I'm trying to upload large files using the GCS writer:

    bucketHandle := m.Client.Bucket(bucket)
    objectHandle := bucketHandle.Object(path)
    writer := objectHandle.NewWriter(context.Background())

then for chunks of size N I call writer.write(myBuffer). I'm seeing some out of memory exceptions on my cluster and wondering if this is actually just buffering the entire file into memory or not. What are the semantics of this operation, am I misunderstanding something?

user38643
  • 341
  • 1
  • 7
  • The data is buffered in memory before being uploaded to GCS through the Go SDK's "Write" method on a GCS writer.
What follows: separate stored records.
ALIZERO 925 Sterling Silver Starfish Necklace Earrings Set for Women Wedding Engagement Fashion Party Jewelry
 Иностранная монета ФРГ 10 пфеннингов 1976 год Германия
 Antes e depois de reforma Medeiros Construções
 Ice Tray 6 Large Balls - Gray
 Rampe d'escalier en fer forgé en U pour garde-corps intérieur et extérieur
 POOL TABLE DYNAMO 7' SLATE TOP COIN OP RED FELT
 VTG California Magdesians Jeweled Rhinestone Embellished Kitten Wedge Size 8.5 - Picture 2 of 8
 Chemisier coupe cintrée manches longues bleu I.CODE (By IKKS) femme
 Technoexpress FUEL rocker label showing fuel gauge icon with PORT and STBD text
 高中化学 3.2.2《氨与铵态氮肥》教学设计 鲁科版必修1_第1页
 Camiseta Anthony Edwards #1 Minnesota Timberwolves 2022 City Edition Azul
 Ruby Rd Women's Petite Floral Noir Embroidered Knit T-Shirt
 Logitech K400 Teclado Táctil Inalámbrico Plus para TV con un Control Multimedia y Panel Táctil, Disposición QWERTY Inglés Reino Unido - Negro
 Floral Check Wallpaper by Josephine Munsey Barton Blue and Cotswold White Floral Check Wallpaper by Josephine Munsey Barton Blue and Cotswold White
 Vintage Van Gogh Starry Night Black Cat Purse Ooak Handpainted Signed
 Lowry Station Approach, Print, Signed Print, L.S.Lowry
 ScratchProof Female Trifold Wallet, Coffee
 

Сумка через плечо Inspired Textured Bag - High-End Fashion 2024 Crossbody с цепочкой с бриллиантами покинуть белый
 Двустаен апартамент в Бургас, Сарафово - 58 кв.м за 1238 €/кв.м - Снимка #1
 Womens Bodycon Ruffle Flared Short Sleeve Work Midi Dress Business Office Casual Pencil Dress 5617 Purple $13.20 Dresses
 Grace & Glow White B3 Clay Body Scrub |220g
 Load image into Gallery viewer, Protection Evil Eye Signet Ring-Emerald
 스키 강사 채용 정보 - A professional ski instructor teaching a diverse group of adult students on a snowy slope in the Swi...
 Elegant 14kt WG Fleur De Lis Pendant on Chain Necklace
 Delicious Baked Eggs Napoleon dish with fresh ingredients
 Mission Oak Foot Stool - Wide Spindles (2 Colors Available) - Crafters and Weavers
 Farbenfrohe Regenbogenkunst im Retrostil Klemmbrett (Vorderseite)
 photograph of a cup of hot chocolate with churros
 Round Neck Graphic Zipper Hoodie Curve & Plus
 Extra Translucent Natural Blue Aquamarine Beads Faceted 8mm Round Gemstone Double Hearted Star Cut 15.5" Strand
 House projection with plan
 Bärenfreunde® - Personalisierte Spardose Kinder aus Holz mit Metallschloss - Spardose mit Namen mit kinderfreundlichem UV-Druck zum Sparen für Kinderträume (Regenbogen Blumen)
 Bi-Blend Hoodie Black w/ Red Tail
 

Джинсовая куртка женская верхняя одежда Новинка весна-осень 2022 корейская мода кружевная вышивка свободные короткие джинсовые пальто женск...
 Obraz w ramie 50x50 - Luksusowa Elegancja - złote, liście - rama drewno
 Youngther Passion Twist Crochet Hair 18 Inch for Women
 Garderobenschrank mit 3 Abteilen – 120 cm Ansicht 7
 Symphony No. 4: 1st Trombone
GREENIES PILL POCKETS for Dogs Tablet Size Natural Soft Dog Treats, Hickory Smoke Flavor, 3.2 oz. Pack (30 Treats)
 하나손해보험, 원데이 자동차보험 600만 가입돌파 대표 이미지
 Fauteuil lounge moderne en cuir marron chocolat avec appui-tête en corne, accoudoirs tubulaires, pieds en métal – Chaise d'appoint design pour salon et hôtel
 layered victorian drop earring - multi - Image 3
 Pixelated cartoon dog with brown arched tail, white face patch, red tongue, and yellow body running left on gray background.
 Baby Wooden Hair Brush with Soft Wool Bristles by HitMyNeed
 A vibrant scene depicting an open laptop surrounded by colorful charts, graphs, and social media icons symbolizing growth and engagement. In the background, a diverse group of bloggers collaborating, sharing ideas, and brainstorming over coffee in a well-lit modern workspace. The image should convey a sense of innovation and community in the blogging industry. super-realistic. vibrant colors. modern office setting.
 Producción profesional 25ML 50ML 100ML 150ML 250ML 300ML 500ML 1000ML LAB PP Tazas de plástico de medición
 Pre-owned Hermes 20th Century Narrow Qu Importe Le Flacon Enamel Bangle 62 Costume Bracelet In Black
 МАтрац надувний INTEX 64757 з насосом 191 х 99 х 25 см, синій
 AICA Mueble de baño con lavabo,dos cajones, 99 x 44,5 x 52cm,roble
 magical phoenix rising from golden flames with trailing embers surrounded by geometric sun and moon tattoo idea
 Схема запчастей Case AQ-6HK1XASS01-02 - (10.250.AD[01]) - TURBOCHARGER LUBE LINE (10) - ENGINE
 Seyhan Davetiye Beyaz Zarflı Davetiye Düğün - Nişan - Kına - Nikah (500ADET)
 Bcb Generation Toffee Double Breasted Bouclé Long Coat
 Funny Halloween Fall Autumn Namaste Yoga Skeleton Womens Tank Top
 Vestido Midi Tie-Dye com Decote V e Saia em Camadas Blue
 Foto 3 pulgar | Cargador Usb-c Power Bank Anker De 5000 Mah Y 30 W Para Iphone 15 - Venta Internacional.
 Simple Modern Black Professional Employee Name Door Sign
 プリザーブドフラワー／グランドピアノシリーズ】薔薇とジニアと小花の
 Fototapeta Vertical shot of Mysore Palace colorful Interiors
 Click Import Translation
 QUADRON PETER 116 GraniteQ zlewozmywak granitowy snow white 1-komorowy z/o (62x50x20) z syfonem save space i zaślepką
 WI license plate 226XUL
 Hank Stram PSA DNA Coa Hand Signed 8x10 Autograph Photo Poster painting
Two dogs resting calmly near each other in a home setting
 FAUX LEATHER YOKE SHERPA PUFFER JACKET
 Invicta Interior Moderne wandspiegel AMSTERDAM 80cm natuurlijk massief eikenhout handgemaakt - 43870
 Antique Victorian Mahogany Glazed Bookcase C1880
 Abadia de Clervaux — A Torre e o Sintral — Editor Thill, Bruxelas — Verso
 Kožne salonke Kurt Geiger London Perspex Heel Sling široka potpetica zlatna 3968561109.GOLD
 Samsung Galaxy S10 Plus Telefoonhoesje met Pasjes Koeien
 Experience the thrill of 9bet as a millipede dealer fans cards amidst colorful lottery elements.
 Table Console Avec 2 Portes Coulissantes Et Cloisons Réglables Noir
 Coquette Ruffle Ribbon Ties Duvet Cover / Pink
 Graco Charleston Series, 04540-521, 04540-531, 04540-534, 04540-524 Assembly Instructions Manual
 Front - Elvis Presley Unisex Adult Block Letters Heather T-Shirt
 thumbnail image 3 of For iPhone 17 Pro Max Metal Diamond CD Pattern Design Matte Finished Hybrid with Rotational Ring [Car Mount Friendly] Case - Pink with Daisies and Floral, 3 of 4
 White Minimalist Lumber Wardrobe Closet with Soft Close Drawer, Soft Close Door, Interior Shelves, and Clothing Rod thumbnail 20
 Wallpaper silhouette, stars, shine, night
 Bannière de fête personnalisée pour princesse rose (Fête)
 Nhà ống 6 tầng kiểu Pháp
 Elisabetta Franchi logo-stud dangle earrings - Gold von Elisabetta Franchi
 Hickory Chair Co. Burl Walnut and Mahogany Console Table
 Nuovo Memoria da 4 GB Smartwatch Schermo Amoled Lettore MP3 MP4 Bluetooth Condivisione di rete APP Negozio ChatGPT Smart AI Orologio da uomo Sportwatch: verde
This means that in order to prevent running out of memory when uploading really large files, you might need to chunk the data and submit it in smaller portions. – Chanpols Feb 09 '23 at 22:12
  • @ChristianPaulAndaya is the data flushed upon calling write? I'm chunking the input in 5MB chunks, calling write, (repeat in loop) – user38643 Feb 10 '23 at 00:38
  • 1
    Yes, after each Write call in your code, the data is flushed to GCS. The Write method returns the amount of bytes written and any errors that were encountered along with the number of bytes actually written to the underlying connection. The data is flushed to GCS after each chunk is written, thus the amount of memory consumed on the client side should be restricted to the size of the buffer, which in your instance is 5 MB, if you are chunking the input data into 5 MB chunks and using Write in a loop. – Chanpols Feb 10 '23 at 19:44
  • Does this answer your question? If yes, I will post it as an answer. Thanks – Chanpols Feb 13 '23 at 17:16
  • 1
    @ChristianPaulAndaya I had a bug in my code, but that's a great response, feel free to post. – user38643 Feb 13 '23 at 17:31

1 Answers1

1

Yes, after each Write call in your code, the data is flushed to GCS. The Write method returns the amount of bytes written and any errors that were encountered along with the number of bytes actually written to the underlying connection. The data is flushed to GCS after each chunk is written, thus the amount of memory consumed on the client side should be restricted to the size of the buffer, which in your instance is 5 MB, if you are chunking the input data into 5 MB chunks and using Write in a loop.

Chanpols
  • 1,184
  • 1
  • 3
  • 13